Temasek Holdings Pte’s portfolio declined in value for the first time in seven years as its holdings, a quarter of which are in Chinese equities, were battered by last year’s market rout, Bloomberg reports.
Stakes of the Singaporean state investment firm fell 9 percent to S$242 billion (US$179 billion) in the fiscal year ended March 31, according to Temasek’s annual review released on Thursday.
Assets fell from a record S$266 billion in the prior fiscal year and dropped for the first time since the 12 months ended March 2009.
Amid slowing global growth and rising market volatility, Temasek is cutting its exposure to banks while adding to holdings in media, telecommunications, and technology companies, with the latter group overtaking financial firms as its biggest industry sector.
“The equity markets around the world will remain susceptible to bouts of volatility in the short and medium term,” Michael Buchanan, Temasek’s senior managing director, portfolio strategy and risk group, said in a statement.

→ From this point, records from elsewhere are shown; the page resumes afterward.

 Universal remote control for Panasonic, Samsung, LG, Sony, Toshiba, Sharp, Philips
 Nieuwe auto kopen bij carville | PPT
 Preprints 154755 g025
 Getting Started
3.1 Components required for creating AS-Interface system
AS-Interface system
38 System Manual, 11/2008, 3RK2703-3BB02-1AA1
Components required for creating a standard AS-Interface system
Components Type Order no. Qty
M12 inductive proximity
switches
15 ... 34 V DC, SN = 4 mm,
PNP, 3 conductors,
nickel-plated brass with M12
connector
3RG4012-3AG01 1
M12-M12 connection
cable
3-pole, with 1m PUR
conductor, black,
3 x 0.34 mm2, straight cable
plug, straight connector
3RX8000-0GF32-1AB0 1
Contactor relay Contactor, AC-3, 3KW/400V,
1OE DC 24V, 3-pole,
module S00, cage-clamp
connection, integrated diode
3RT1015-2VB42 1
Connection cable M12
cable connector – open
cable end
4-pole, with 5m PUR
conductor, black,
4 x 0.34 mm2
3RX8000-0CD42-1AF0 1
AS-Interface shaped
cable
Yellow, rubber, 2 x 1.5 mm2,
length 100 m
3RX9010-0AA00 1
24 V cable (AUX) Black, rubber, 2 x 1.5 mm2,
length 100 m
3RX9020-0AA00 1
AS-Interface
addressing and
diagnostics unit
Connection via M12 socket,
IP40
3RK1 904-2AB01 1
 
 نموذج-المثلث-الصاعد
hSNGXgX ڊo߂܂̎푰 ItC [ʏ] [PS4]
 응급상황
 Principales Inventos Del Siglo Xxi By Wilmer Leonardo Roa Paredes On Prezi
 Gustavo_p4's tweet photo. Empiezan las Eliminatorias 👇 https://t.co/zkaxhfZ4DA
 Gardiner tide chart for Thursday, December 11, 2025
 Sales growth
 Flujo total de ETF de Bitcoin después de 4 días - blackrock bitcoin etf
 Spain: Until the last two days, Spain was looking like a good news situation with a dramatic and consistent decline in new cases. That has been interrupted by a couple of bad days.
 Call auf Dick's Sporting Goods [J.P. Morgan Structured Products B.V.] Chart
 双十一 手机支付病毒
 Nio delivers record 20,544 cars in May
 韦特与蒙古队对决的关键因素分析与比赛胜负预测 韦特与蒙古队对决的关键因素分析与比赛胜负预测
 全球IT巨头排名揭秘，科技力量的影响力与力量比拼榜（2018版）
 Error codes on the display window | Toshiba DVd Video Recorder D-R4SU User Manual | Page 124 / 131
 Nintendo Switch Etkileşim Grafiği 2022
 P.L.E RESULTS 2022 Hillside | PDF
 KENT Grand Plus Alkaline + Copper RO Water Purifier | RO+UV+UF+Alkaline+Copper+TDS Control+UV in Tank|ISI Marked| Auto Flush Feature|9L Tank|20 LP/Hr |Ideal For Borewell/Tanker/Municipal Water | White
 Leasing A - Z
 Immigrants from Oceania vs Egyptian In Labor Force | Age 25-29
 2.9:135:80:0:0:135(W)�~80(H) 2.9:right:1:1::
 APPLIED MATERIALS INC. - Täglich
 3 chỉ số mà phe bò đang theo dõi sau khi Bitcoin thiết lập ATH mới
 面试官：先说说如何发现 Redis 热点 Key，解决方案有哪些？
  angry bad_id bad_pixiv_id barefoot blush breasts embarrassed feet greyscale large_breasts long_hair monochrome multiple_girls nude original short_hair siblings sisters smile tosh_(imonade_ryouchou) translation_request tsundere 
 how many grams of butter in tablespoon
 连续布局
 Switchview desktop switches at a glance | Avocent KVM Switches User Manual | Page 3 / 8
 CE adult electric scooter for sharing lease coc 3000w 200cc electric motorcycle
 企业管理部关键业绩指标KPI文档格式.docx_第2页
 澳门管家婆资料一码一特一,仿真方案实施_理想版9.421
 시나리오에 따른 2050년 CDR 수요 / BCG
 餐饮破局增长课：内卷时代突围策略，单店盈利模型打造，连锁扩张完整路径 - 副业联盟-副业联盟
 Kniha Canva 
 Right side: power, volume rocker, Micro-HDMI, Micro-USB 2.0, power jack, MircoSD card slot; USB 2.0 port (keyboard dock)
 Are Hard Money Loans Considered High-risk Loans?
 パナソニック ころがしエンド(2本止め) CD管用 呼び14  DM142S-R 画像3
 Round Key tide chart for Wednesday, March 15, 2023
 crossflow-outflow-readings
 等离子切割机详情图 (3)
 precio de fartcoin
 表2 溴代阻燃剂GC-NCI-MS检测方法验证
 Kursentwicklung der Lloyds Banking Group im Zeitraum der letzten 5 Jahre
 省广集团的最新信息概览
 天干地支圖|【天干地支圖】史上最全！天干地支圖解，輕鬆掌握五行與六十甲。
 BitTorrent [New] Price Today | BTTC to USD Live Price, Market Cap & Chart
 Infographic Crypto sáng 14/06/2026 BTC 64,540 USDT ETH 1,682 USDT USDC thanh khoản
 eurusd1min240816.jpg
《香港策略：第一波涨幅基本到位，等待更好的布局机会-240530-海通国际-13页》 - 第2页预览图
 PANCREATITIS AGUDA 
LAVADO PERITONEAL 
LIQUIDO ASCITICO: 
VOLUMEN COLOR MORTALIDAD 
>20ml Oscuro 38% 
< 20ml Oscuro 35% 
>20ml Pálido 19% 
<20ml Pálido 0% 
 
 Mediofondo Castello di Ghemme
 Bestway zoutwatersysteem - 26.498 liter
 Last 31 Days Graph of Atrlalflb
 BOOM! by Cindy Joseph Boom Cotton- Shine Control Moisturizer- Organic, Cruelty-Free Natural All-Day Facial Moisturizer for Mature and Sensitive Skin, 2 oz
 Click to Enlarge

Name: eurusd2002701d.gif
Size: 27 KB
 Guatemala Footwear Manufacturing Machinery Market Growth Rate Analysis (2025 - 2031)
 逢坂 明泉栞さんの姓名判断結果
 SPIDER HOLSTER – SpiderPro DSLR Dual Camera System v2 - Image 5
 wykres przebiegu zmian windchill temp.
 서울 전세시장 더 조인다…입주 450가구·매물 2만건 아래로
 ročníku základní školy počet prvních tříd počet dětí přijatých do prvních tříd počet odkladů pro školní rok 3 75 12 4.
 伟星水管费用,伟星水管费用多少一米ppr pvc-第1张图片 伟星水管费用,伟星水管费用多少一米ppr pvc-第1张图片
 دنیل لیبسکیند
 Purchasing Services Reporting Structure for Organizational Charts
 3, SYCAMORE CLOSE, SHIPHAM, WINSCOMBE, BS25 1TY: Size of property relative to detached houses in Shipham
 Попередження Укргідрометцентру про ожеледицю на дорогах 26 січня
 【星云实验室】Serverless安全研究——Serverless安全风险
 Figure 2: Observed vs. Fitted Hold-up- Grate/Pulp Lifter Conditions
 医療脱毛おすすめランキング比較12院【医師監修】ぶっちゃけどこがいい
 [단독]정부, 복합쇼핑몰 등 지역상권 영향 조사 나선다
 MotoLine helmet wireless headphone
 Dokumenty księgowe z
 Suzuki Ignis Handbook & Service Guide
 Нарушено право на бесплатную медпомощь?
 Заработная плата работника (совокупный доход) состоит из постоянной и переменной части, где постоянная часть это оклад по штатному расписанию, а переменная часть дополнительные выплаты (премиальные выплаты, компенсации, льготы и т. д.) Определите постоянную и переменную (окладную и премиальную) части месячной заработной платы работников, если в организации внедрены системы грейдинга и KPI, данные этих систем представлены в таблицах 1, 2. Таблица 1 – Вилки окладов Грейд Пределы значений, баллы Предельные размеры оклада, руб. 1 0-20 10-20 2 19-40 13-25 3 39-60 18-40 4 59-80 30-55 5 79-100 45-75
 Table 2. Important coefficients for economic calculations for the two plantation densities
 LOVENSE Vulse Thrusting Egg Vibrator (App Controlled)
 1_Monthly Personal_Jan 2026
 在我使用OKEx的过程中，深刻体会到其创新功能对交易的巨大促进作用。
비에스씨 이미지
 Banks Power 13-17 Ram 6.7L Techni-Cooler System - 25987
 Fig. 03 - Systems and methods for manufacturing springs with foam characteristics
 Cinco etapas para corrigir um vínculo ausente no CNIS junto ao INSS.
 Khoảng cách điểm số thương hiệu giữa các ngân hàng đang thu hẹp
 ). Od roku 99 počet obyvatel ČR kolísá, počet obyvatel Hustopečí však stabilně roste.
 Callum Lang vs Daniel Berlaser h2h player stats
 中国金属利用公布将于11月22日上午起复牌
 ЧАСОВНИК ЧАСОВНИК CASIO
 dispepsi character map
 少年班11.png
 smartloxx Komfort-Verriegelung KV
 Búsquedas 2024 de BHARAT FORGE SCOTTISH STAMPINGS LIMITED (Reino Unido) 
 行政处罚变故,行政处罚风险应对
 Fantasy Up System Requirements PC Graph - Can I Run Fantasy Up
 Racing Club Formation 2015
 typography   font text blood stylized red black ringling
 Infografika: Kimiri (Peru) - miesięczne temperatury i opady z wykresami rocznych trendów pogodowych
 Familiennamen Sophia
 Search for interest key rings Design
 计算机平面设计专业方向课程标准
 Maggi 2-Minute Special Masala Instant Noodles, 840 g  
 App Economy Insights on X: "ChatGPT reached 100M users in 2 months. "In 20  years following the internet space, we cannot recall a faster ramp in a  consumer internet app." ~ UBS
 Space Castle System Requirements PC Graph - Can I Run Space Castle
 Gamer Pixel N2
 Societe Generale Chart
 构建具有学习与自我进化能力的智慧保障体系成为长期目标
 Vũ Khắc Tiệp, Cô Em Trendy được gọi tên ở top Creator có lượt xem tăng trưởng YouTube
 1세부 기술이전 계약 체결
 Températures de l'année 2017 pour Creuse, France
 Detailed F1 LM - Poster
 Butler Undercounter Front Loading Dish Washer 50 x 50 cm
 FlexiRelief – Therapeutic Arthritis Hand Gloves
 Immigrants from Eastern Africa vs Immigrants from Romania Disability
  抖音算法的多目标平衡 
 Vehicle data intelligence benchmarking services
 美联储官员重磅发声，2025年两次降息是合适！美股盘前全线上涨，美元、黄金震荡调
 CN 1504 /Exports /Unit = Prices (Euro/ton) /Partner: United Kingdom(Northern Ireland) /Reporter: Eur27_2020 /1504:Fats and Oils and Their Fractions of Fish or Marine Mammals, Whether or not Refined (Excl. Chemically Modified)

“There is increased uncertainty, partly reflecting the ongoing hangover from the excesses that help cause the global financial crisis. This suggests an environment of lower returns in the years ahead.”
Temasek made a 6 percent annualized total shareholder return, including dividends, over the last 10-year and 20-year periods.
The compounded total shareholder return since its inception in 1974 was 15 percent.
The investment firm had more than half of its assets in China and Singapore, leaving it particularly exposed to a 21 percent slump in China’s CSI 300 Index and an 18 percent decline in Singapore’s Straits Times Index in the 12 months ended March 31, the report said.